MATERIAL PROVIDED –

--------------------------------

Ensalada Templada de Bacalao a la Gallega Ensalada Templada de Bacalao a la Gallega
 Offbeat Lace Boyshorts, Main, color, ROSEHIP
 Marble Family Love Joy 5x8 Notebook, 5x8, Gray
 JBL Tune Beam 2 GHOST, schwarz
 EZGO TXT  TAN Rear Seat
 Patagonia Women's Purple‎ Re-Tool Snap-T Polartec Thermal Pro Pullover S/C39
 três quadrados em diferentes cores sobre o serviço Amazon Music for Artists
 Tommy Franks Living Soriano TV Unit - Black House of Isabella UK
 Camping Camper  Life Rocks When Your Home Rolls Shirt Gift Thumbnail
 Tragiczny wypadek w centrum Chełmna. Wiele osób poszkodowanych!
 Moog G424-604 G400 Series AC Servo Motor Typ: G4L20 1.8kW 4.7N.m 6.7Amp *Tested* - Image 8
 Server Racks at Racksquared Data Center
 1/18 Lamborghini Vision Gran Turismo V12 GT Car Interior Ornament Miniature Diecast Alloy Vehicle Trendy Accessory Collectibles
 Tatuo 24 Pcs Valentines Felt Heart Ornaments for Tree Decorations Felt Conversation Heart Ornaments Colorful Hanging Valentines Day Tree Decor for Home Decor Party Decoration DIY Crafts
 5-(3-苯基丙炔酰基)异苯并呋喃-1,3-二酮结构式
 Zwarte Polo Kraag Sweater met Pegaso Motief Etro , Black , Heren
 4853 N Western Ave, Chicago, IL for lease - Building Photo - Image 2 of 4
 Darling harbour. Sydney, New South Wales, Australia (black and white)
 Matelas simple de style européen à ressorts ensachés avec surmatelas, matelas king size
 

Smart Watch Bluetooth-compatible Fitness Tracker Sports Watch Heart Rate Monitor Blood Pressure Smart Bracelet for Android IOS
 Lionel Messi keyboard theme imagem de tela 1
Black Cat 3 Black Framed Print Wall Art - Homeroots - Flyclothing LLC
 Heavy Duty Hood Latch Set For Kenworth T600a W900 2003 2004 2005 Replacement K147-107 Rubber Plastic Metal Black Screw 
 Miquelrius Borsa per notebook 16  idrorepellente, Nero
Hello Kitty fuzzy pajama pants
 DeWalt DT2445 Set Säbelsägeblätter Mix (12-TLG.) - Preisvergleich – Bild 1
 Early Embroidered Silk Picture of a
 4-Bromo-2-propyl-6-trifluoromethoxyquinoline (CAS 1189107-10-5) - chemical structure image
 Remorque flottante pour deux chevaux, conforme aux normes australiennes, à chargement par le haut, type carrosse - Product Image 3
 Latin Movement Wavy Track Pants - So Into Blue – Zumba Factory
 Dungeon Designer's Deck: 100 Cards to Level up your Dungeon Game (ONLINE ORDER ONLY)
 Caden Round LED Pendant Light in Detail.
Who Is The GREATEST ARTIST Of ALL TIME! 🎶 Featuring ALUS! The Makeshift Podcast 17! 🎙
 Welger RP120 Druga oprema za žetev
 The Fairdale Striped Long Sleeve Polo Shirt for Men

--------------------------------

EXERCISE DIRECTIONS – Your response should consist of the full listing, repeated exactly.

EXERCISE RESPONSE –
Ensalada Templada de Bacalao a la Gallega Ensalada Templada de Bacalao a la Gallega
 Offbeat Lace Boyshorts, Main, color, ROSEHIP
 Marble Family Love Joy 5x8 Notebook, 5x8, Gray
 JBL Tune Beam 2 GHOST, schwarz
 EZGO TXT  TAN Rear Seat
 Patagonia Women's Purple‎ Re-Tool Snap-T Polartec Thermal Pro Pullover S/C39
 três quadrados em diferentes cores sobre o serviço Amazon Music for Artists
 Tommy Franks Living Soriano TV Unit - Black House of Isabella UK
 Camping Camper  Life Rocks When Your Home Rolls Shirt Gift Thumbnail
 Tragiczny wypadek w centrum Chełmna. Wiele osób poszkodowanych!
 Moog G424-604 G400 Series AC Servo Motor Typ: G4L20 1.8kW 4.7N.m 6.7Amp *Tested* - Image 8
 Server Racks at Racksquared Data Center
 1/18 Lamborghini Vision Gran Turismo V12 GT Car Interior Ornament Miniature Diecast Alloy Vehicle Trendy Accessory Collectibles
 Tatuo 24 Pcs Valentines Felt Heart Ornaments for Tree Decorations Felt Conversation Heart Ornaments Colorful Hanging Valentines Day Tree Decor for Home Decor Party Decoration DIY Crafts
 5-(3-苯基丙炔酰基)异苯并呋喃-1,3-二酮结构式
 Zwarte Polo Kraag Sweater met Pegaso Motief Etro , Black , Heren
 4853 N Western Ave, Chicago, IL for lease - Building Photo - Image 2 of 4
 Darling harbour. Sydney, New South Wales, Australia (black and white)
 Matelas simple de style européen à ressorts ensachés avec surmatelas, matelas king size
 

Smart Watch Bluetooth-compatible Fitness Tracker Sports Watch Heart Rate Monitor Blood Pressure Smart Bracelet for Android IOS
 Lionel Messi keyboard theme imagem de tela 1
Black Cat 3 Black Framed Print Wall Art - Homeroots - Flyclothing LLC
 Heavy Duty Hood Latch Set For Kenworth T600a W900 2003 2004 2005 Replacement K147-107 Rubber Plastic Metal Black Screw 
 Miquelrius Borsa per notebook 16  idrorepellente, Nero
Hello Kitty fuzzy pajama pants
 DeWalt DT2445 Set Säbelsägeblätter Mix (12-TLG.) - Preisvergleich – Bild 1
 Early Embroidered Silk Picture of a
 4-Bromo-2-propyl-6-trifluoromethoxyquinoline (CAS 1189107-10-5) - chemical structure image
 Remorque flottante pour deux chevaux, conforme aux normes australiennes, à chargement par le haut, type carrosse - Product Image 3
 Latin Movement Wavy Track Pants - So Into Blue – Zumba Factory
 Dungeon Designer's Deck: 100 Cards to Level up your Dungeon Game (ONLINE ORDER ONLY)
 Caden Round LED Pendant Light in Detail.
Who Is The GREATEST ARTIST Of ALL TIME! 🎶 Featuring ALUS! The Makeshift Podcast 17! 🎙
 Welger RP120 Druga oprema za žetev
 The Fairdale Striped Long Sleeve Polo Shirt for Men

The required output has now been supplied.